(EXERCISE): Look through the records and copy each line with the string "Hotel" in it.

** Opening SUPPLIED RECORDS block **

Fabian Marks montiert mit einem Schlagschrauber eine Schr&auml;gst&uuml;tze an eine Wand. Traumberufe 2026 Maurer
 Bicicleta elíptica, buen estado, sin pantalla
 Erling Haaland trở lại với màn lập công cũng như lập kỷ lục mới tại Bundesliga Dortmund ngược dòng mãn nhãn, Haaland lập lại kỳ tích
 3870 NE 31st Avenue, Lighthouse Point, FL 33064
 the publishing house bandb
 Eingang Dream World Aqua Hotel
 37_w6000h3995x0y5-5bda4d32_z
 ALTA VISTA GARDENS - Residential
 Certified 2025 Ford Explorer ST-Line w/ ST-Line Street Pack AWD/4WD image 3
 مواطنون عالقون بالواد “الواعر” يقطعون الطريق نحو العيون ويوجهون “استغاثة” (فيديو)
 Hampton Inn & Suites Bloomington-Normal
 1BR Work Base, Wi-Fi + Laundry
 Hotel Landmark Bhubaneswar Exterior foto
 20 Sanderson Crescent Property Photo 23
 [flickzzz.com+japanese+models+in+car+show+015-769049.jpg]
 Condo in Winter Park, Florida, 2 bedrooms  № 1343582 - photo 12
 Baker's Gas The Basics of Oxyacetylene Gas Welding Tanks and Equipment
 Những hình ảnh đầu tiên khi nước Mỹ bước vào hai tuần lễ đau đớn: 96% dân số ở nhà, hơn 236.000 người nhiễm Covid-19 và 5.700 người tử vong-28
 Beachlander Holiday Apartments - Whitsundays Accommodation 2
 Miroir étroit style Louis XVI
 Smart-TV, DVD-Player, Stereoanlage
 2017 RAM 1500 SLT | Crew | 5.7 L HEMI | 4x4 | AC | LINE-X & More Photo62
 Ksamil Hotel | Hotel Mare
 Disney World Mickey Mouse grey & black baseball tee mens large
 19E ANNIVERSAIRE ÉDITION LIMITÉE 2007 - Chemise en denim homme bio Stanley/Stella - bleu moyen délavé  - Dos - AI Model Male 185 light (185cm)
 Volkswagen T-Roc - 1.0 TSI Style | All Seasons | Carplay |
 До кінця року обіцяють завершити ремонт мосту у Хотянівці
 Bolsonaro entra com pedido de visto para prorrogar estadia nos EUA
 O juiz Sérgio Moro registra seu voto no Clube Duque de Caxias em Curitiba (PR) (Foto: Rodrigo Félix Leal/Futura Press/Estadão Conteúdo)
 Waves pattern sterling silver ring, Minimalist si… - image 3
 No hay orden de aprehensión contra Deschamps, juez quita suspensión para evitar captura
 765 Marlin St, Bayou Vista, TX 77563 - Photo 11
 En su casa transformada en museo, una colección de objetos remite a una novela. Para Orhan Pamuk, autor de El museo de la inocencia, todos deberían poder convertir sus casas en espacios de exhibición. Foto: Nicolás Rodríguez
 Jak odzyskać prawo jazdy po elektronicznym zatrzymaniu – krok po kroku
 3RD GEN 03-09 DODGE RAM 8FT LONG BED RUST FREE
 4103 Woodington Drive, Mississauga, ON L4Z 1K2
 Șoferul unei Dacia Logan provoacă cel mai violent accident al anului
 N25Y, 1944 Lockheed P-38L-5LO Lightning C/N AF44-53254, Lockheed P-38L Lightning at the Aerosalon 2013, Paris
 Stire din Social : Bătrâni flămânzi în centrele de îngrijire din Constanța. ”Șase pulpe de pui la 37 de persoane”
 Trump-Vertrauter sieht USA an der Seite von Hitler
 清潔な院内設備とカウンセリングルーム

** Closing SUPPLIED RECORDS block **

(REPLY):
 Eingang Dream World Aqua Hotel
 Hotel Landmark Bhubaneswar Exterior foto
 Ksamil Hotel | Hotel Mare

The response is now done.